The bulk of nearly any judge's case load is criminal appeals from run of the
mill criminals. They might be pro se, they might have a public defender, they
might have a cheap local lawyer, but they're not deep pocketed by any means.
Indeed, clerks see a skewed picture of things, but one that is if anything
skewed towards seeing fewer actually guilty people, not more, for the obvious
reason that actually innocent people are more likely to file an appeal than
actually guilty ones.

> I do not know where you got the idea that our criminal justice system is
> serving its purpose. It may be great at putting criminals in prison, but it
> is meant to protect innocent.

The purpose of the criminal justice system is to protect the law-abiding
public by putting criminals in prison. That is its sole reason for existing.
An important constraint in doing so is protecting the innocent, but that's not
its purpose. If it were, then you could design the perfect justice system
simply by never putting any people in prison. But the world has bad people,
lots of them, and that's not a tenable option.
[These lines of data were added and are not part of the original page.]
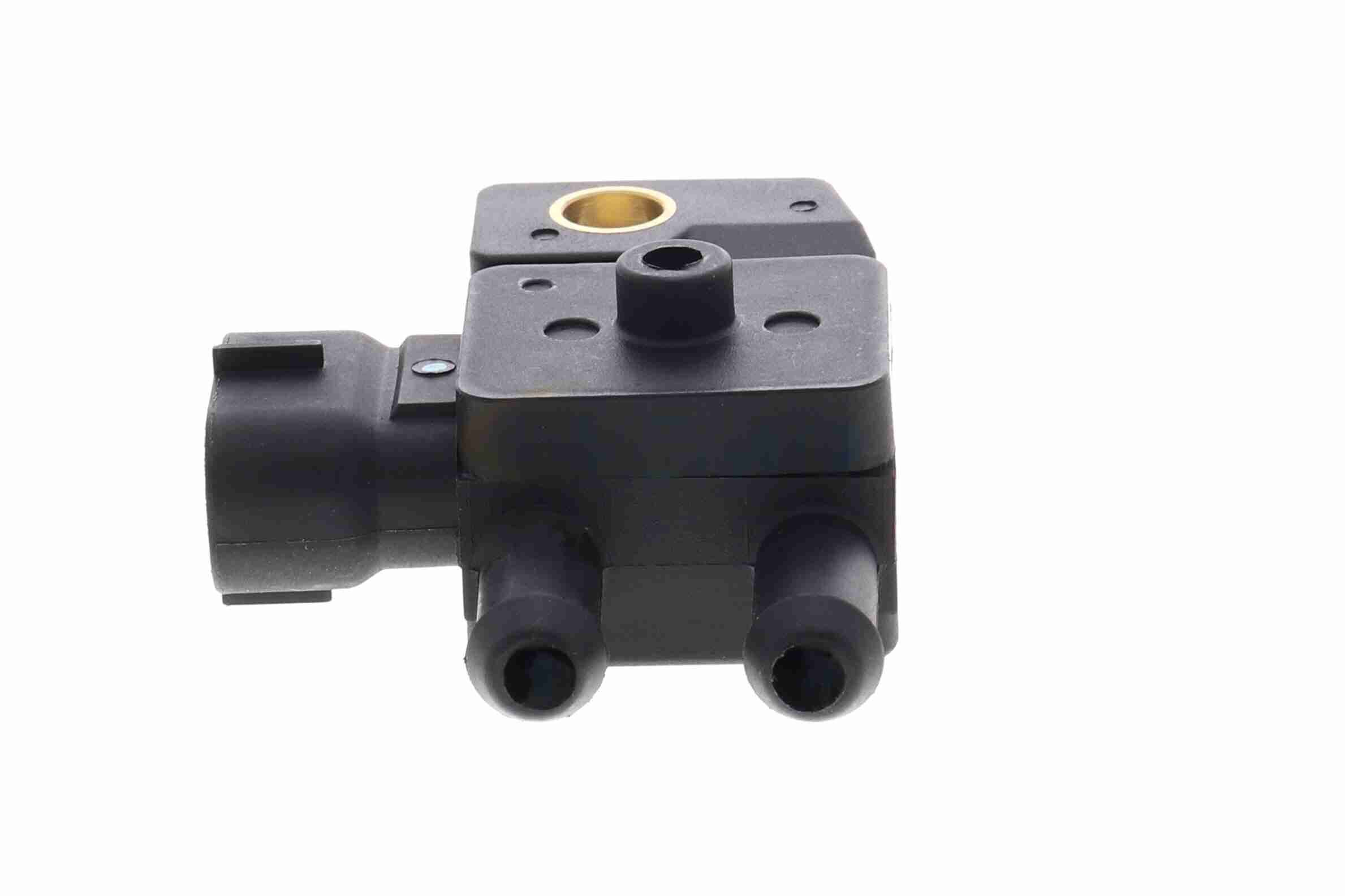 Sensor, Abgasdruck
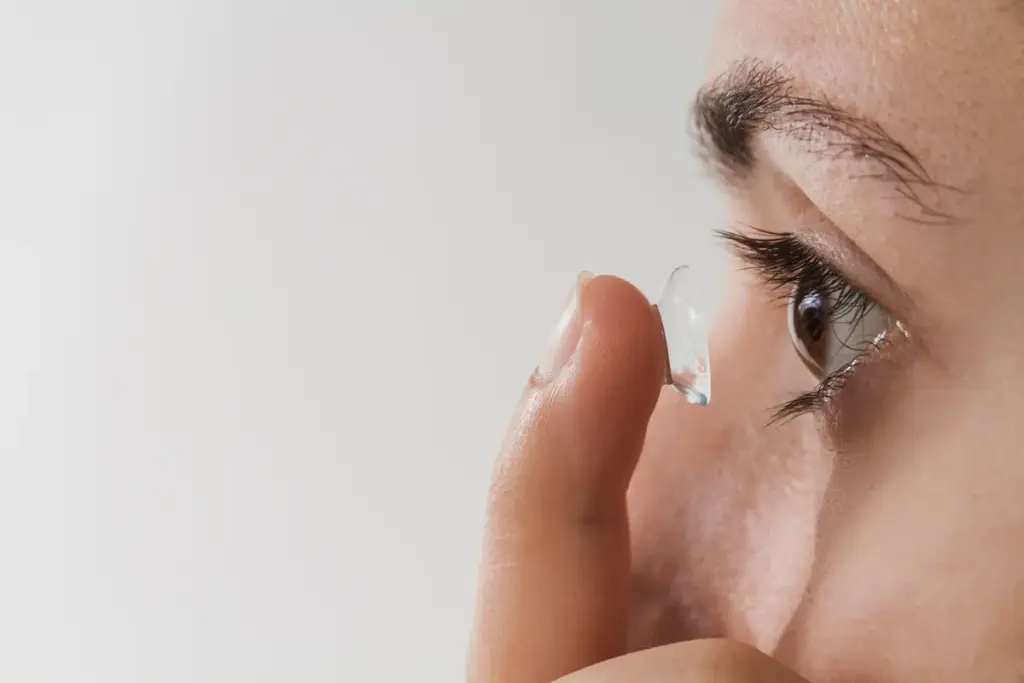 What Is a Contact Lens Exam and How Does It Differ From an Eye Exam?
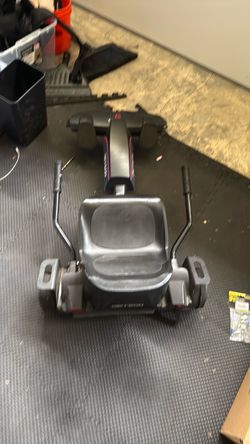 Jeston go-kart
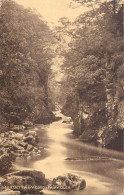 United Kingdom Wales Betws-y-Coed Fairy Glen - Sonstige & Ohne Zuordnung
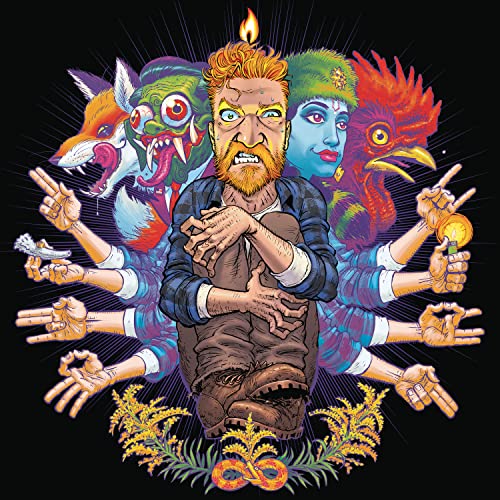 Country Squire [VINYL]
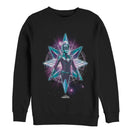 Men's Marvel Captain Marvel Noble Kree Sweatshirt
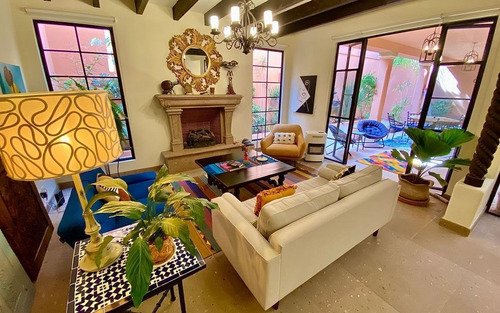 Imagen 9 de 30 de Casa Puertas Del Paraíso En Venta, Fracc. El Paraíso En San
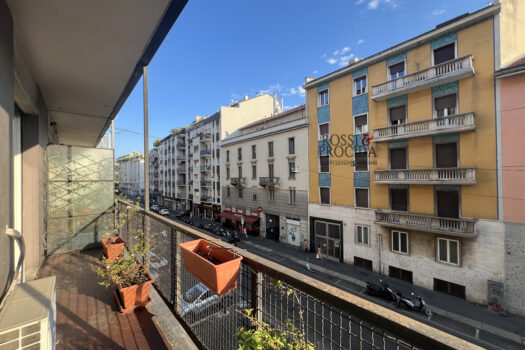 VIA CANONICA 64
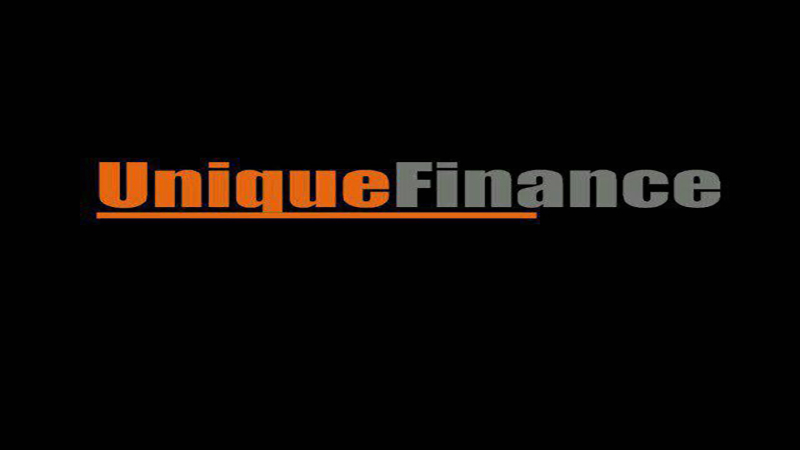 یونیک فاینانس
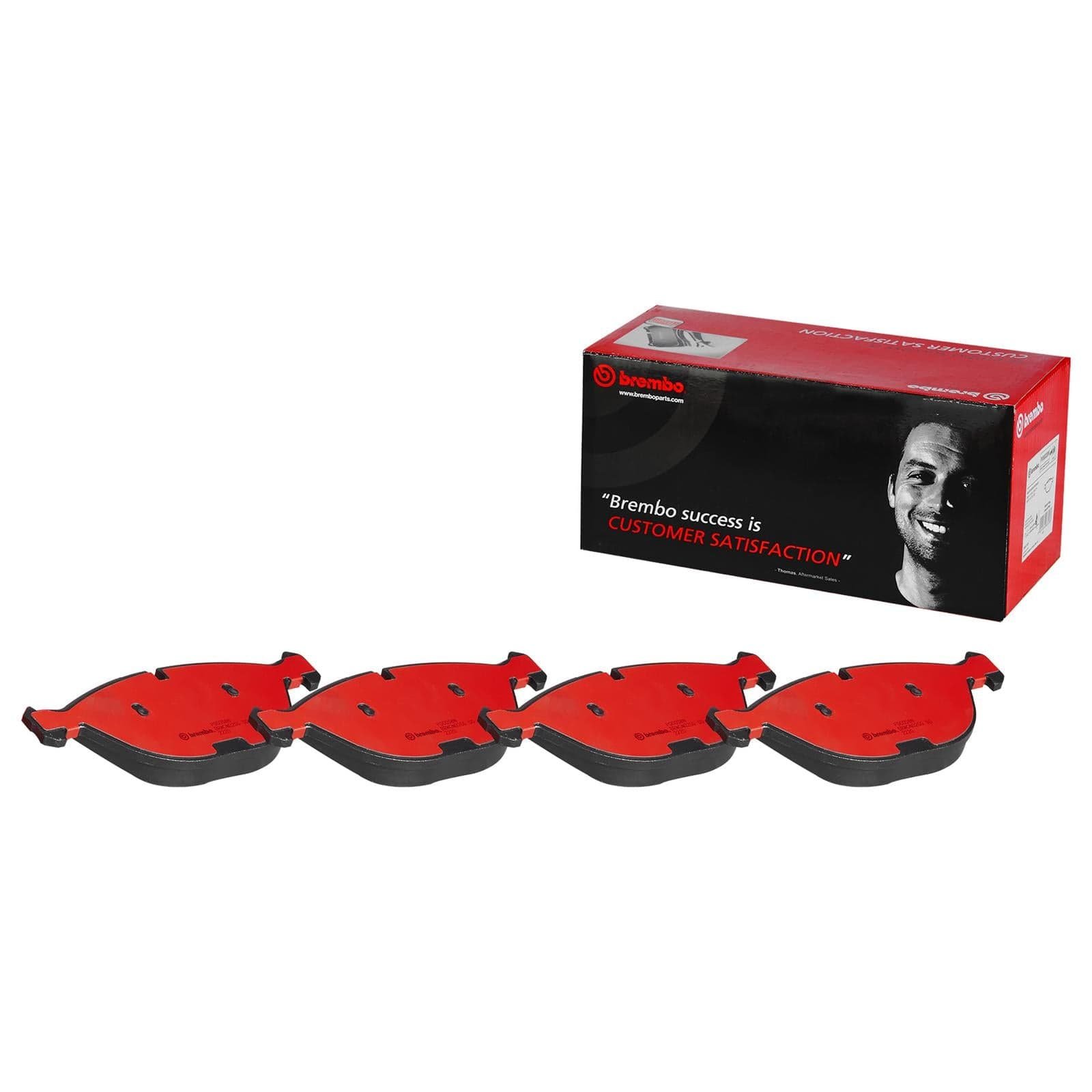 bbo-kt00285_kv_xl.jpg Brembo OE Prem NAO Ceramic Pads (Front) - BMW - Image 1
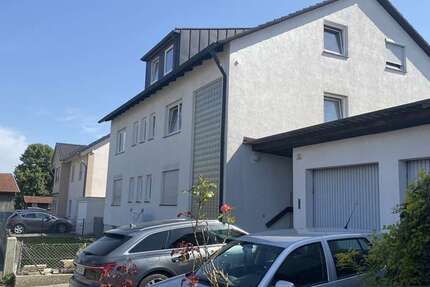 Wohnung Aichach / Ecknach Ecknach - 4 Zimmer, 85 m&sup2;, 254.000&euro; | Angebot:24300078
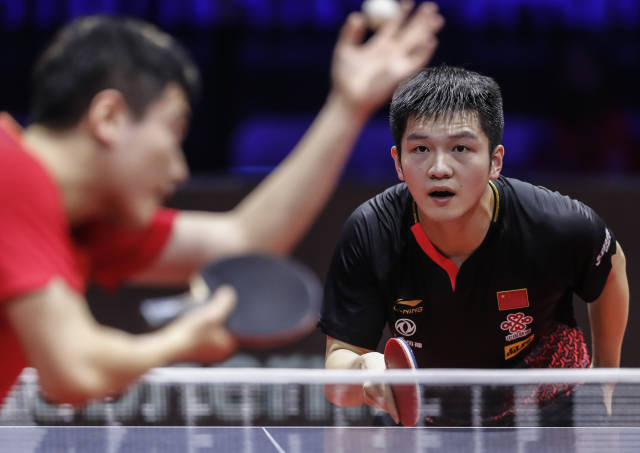 的比赛中 的比赛中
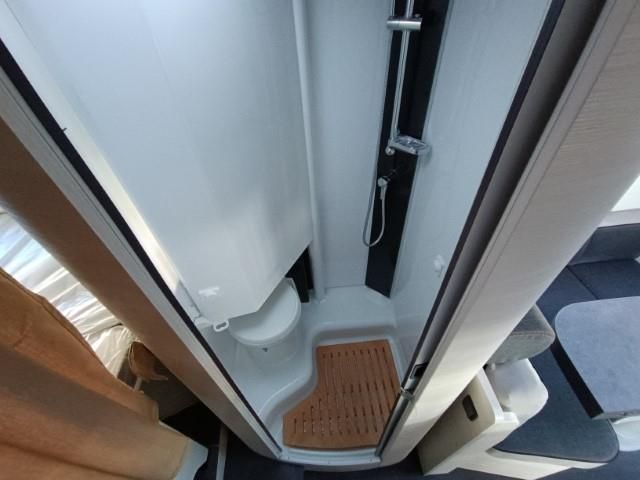 Autohaus Zimpel & Franke - Challenger 287 Graphit+Fahrradtr. ohne Hubbett+wenig KM+Mar - Bild 12 Autohaus Zimpel & Franke - Challenger 287 Graphit+Fahrradtr. ohne Hubbett+wenig KM+Mar - Bild 12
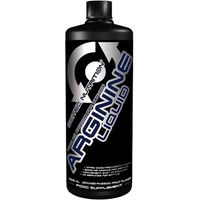 Produktbild von Scitec Nutrition Liquid Arginine L-Arginin flüssig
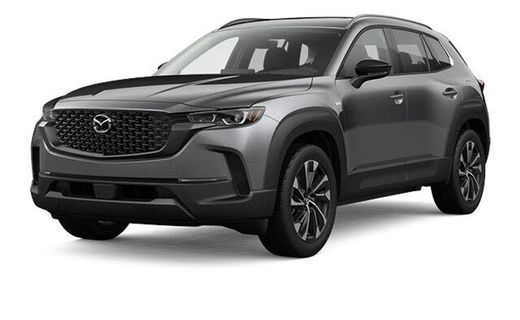 2025 Mazda CX-50 Premium Plus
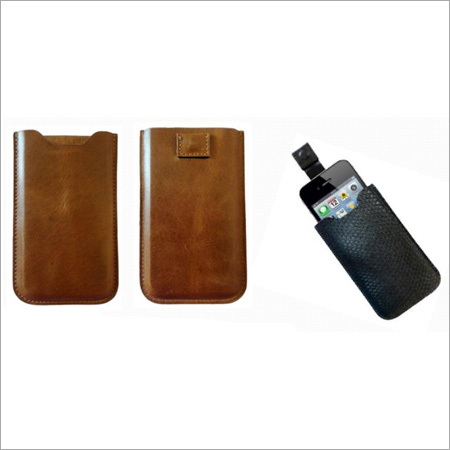 IPhone Sleeve Pouch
You design a justice system the same way you design any system. You pick a
false-positive rate you can live with, then design the rest of the system to
maximize throughput while still hitting that false-positive target. It's the
only sane way to design something that works as opposed to a non-working
platonic ideal.

------
mindstab
This is the same scare tactic they always tout to take away your rights with.
The Canadian government said the exact same thing last year while promoting
their internet spying bill. It's garbage.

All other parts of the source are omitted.